Suppose your team shares a simulation project across machines with different filesystem layouts. Agree on mount names and let each person map them locally.

# Shared setup (agreed upon by the team)
tracker = Tracker(
    run_dir="./runs",
    db_path="./provenance.duckdb",
    mounts={
        "inputs": "/shared/data/activitysim_inputs",      # Shared NFS mount
        "outputs": "/local/activitysim_outputs",          # Local SSD for speed
        "scratch": "/scratch/users/YOUR_USERNAME",        # Temporary workspace
    },
)

On each team member's machine, the paths differ but mount names stay the same:

# Alice's setup
tracker = Tracker(
    run_dir="./runs",
    db_path="./provenance.duckdb",
    mounts={
        "inputs": "/mnt/nfs/activitysim_inputs",
        "outputs": "/home/alice/activitysim_outputs",
        "scratch": "/scratch/alice",
    },
)

# Bob's setup
tracker = Tracker(
    run_dir="./runs",
    db_path="./provenance.duckdb",
    mounts={
        "inputs": "/data/nfs/inputs",
        "outputs": "/var/cache/bob/outputs",
        "scratch": "/tmp/bob_scratch",
    },
)

When Alice logs an output (inside a run context):

with tracker.start_run("asim_baseline", model="activitysim"):
    consist.log_artifact(
        Path("/home/alice/activitysim_outputs/results.parquet"),
        key="results",
        direction="output",
    )

Consist detects the mount and stores a portable URI:

outputs://results.parquet

When Bob retrieves this artifact, Consist resolves it using his mount configuration:

outputs:// → /var/cache/bob/outputs/ → /var/cache/bob/outputs/results.parquet

This is URI portability, not automatic byte replication. Bob only gets a usable local file if his outputs mount points at the same underlying dataset, or if the artifact can be rehydrated another way.

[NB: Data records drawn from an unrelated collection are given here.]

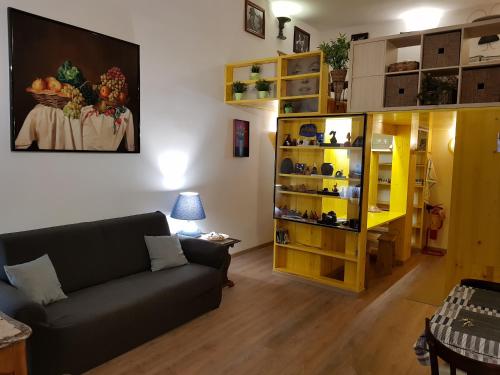 Graziella 27, Nápoles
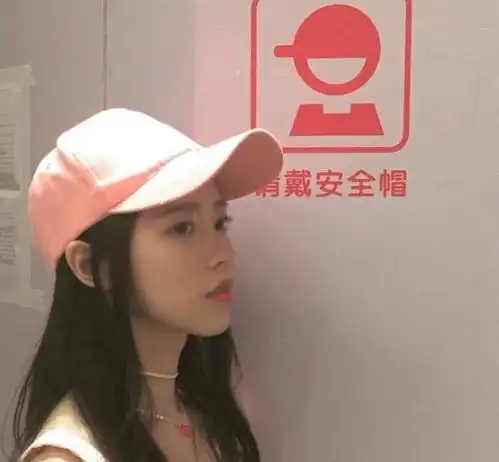 覆面系noise戴黄帽子qq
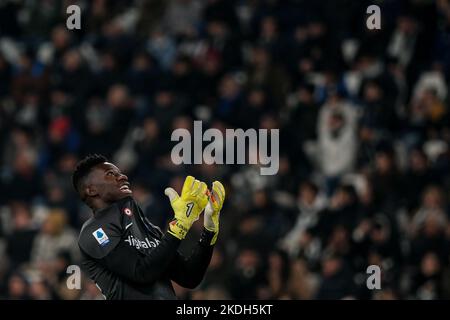 Torino, Italia. 06th Nov 2022. Andre Onana del FC Internazionale reagisce durante la Serie Una partita di calcio tra Juventus FC e FC Internazionale allo stadio Juventus di Torino, 6th novembre 2022. Foto Federico Tardito/Insidefoto Credit: Insidefoto di andrea staccioli/Alamy Live News Foto Stock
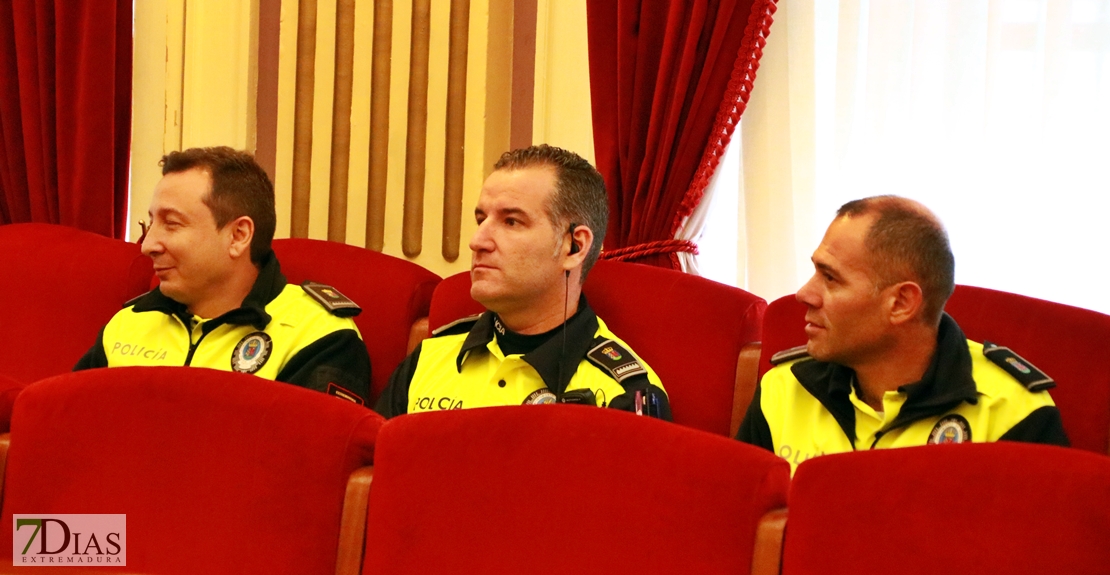 Juran el cargo cuatro nuevos oficiales de Policía Local en Badajoz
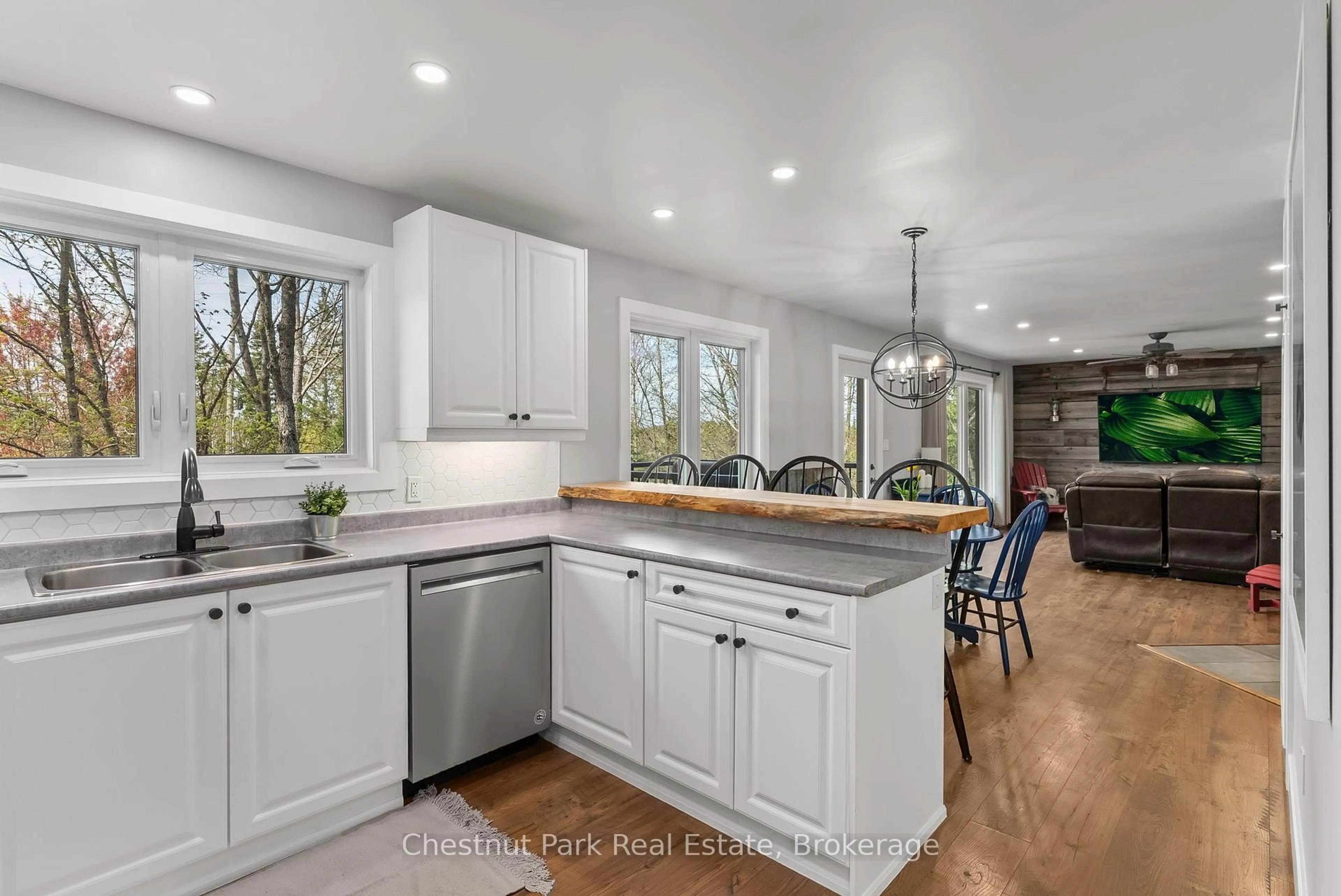 Open concept kitchen, ceramic/tile floor for 1205 Old Muskoka Rd, Huntsville Ontario P0B 1M0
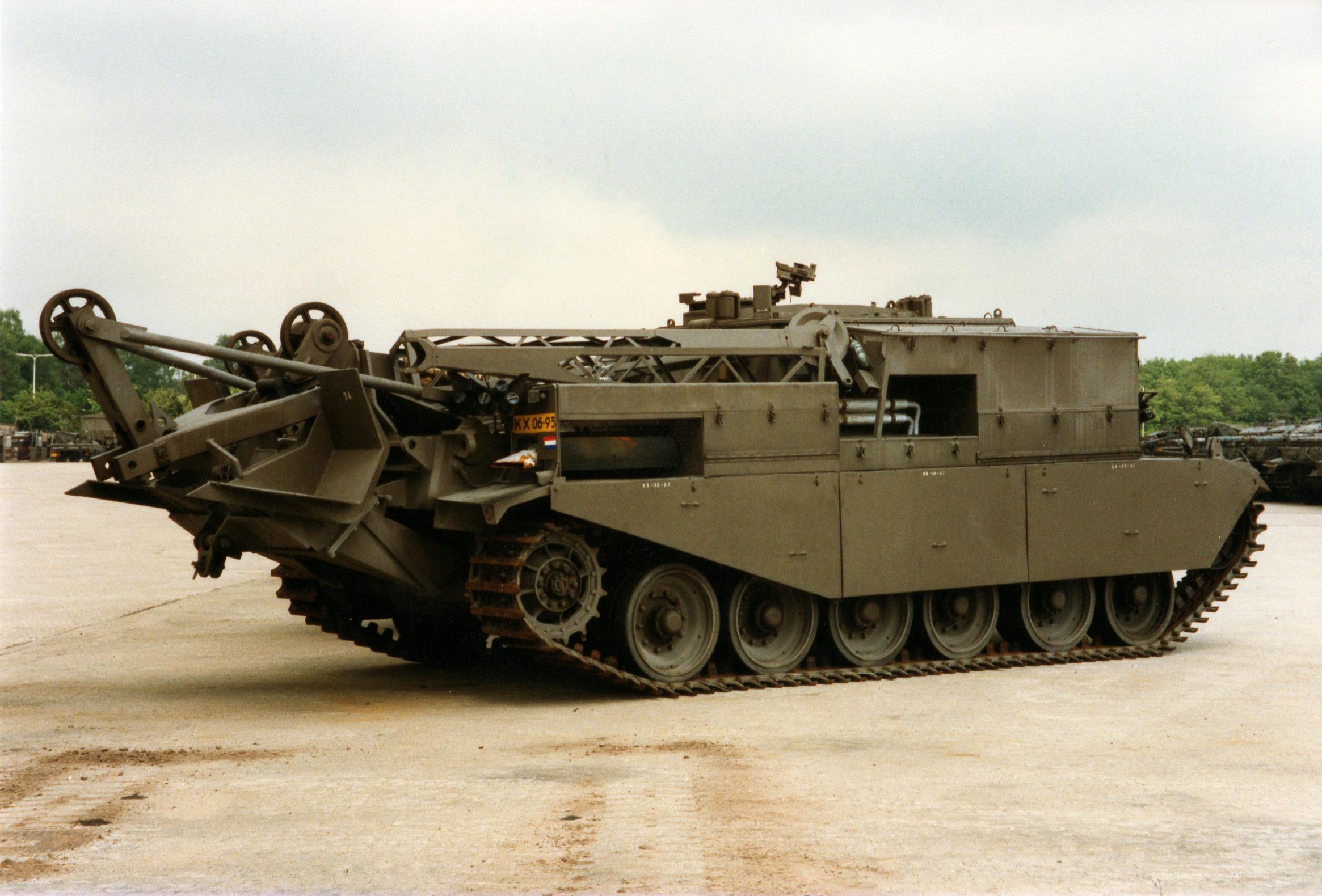 Centurion bergingstank in loods V16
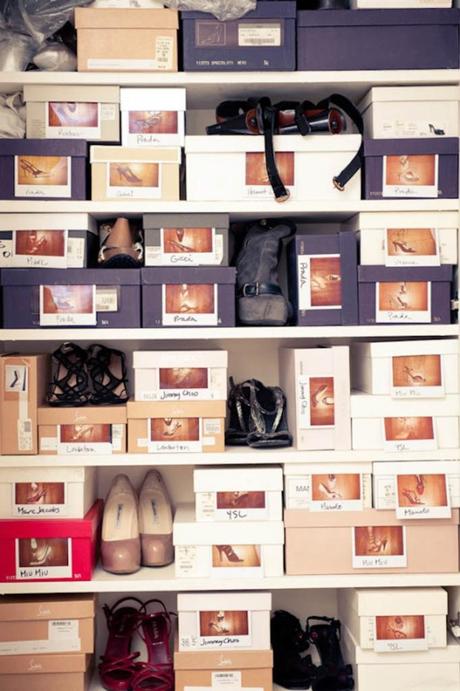 ORGANIZE YOUR CLOSET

Container volumes aligned with mounts

When using run_container(...), map container host volume roots from Tracker(mounts=...) so paths remain portable across machines.

from pathlib import Path
from consist import Tracker

tracker = Tracker(
    run_dir="/shared/team_scratch/consist_runs",
    db_path="./provenance.duckdb",
    mounts={
        "inputs": "/shared/team_inputs",
        "runs": "/shared/team_scratch/consist_runs",
    },
)

inputs_root = Path(tracker.mounts["inputs"]).resolve()
runs_root = Path(tracker.mounts["runs"]).resolve()

volumes = {
    str(inputs_root): "/inputs",
    str(runs_root): "/outputs",
}
outputs = [runs_root / "beam_step" / "summary.csv"]  # under tracker.run_dir

Guidelines:

  • Keep container paths stable (/inputs, /outputs) across environments.
  • Keep host paths machine-specific via tracker mounts.
  • Keep host volume roots stable too if you want cross-machine cache reuse.
  • Keep strict_mounts=True unless you intentionally allow external paths.

Current caveat: container cache identity includes the resolved host volumes mapping, not just the in-container mount points. If one machine uses /shared/team_inputs and another uses /mnt/nfs/team_inputs, those runs will not currently share the same container cache signature.

For a complete runnable example using this mapping pattern, see Container Integration Guide.


Run-local outputs

Paths under the run directory are usually stored relative to the active run:

./outputs/<run_id>/model.csv

Current runs typically store these as ./... paths. Historical resolution also accepts workspace://... as an alias and uses the run's _physical_run_dir metadata field, which records the absolute run directory at execution time.

Scenario Behavior
Current run directory matches original Files accessible
Run directory moved Metadata-only cache hits work; file access fails
Run directory deleted Metadata-only cache hits work; file access fails

_physical_run_dir

Stored in run.meta["_physical_run_dir"]. Used for historical path resolution when hydrating artifacts from prior runs.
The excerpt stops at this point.